Work task: Transcribe the entries below exactly, starting with the line that has "Carte Postale Faire-part" and stopping after the line that has "Green Oversized Sweatshirt with Ribbed Cuffs"; no pictures belong in the copy.

Supplied information:
- - - - -
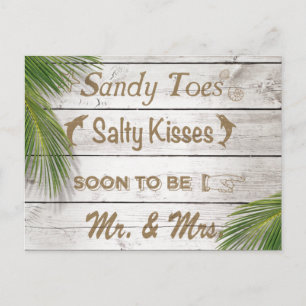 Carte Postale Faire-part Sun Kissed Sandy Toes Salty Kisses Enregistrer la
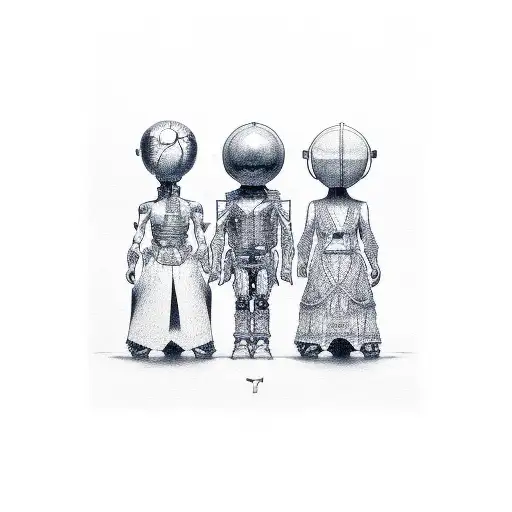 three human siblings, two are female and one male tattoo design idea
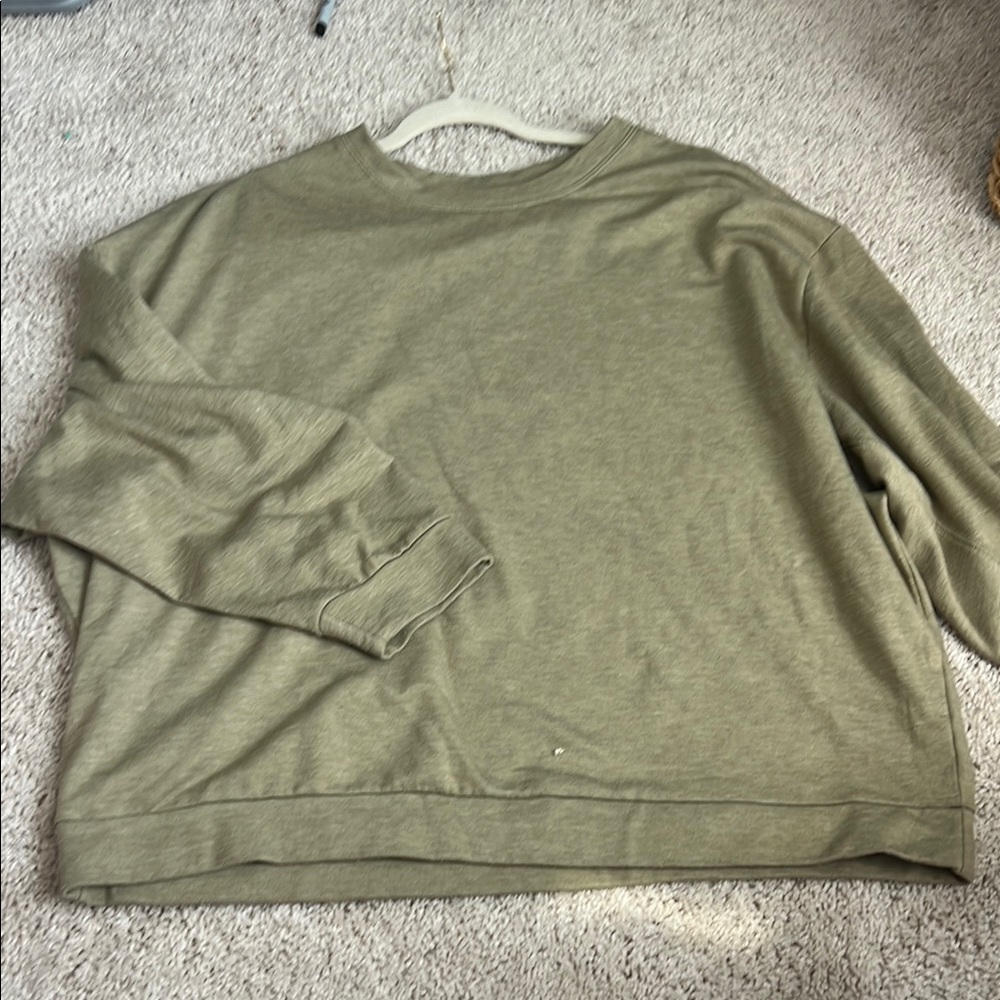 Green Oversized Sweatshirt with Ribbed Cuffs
- - - - -
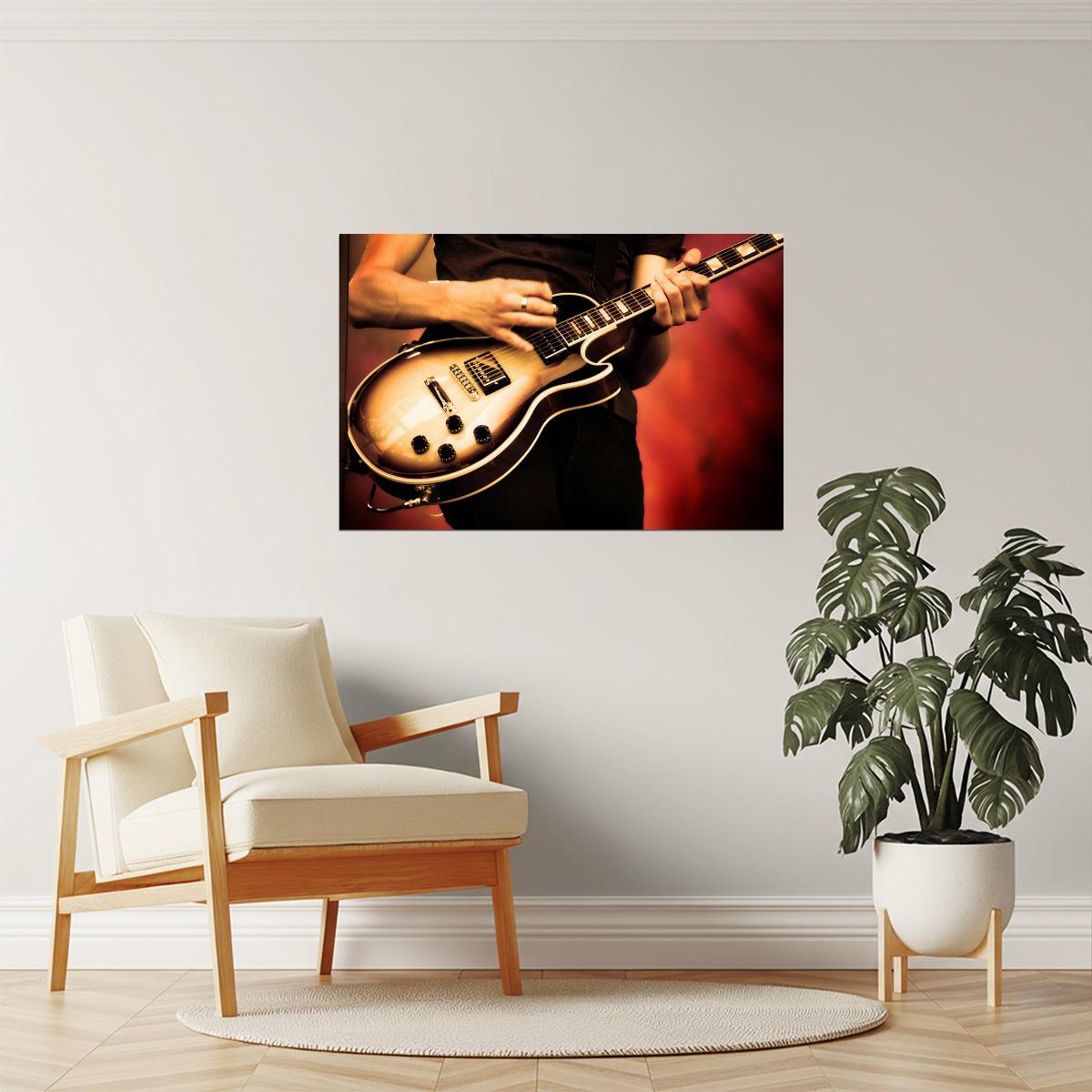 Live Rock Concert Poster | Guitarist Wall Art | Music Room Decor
- - - - -
Exercise answer:
 Carte Postale Faire-part Sun Kissed Sandy Toes Salty Kisses Enregistrer la
 three human siblings, two are female and one male tattoo design idea
 Green Oversized Sweatshirt with Ribbed Cuffs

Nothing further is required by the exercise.